* Work to complete *
Extract all lines from the data beneath that include the word "Audi".

* Available data *
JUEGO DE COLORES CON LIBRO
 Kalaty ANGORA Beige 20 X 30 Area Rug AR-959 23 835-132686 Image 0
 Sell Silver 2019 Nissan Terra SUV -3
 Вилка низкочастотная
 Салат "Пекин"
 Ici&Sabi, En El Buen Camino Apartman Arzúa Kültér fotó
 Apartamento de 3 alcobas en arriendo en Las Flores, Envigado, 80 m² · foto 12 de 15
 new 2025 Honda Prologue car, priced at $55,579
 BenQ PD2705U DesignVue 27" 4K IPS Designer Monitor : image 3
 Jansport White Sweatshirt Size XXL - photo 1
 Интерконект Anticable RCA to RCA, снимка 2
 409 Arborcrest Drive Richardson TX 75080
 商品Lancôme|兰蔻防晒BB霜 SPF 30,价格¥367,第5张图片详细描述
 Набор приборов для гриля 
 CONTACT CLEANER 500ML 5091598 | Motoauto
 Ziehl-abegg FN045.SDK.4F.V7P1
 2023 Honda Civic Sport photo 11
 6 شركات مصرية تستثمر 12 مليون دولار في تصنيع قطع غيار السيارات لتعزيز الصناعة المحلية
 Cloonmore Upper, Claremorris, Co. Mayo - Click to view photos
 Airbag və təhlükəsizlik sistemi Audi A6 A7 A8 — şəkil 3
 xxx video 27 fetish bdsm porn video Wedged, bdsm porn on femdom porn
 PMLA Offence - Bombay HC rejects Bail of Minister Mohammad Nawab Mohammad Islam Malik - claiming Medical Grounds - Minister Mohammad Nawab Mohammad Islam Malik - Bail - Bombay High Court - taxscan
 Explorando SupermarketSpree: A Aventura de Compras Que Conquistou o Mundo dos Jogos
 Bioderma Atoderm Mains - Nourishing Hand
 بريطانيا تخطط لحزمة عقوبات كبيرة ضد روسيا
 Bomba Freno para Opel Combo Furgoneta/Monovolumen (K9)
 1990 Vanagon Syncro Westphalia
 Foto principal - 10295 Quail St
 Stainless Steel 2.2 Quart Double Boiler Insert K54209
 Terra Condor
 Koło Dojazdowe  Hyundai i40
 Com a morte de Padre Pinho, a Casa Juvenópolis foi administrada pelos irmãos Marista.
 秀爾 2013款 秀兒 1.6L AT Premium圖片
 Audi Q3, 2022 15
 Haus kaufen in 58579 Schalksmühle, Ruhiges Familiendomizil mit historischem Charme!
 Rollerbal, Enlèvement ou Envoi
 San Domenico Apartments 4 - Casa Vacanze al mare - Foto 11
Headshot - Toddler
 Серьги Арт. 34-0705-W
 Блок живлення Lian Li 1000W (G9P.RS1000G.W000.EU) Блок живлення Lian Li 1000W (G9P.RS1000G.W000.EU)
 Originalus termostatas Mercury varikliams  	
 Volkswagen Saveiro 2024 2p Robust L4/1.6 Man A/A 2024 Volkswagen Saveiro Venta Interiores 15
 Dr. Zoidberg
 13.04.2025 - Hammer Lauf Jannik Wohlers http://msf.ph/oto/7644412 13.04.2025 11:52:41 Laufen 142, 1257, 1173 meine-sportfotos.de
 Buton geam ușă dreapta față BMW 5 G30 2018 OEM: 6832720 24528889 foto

* Answer box *
 Airbag və təhlükəsizlik sistemi Audi A6 A7 A8 — şəkil 3
 Audi Q3, 2022 15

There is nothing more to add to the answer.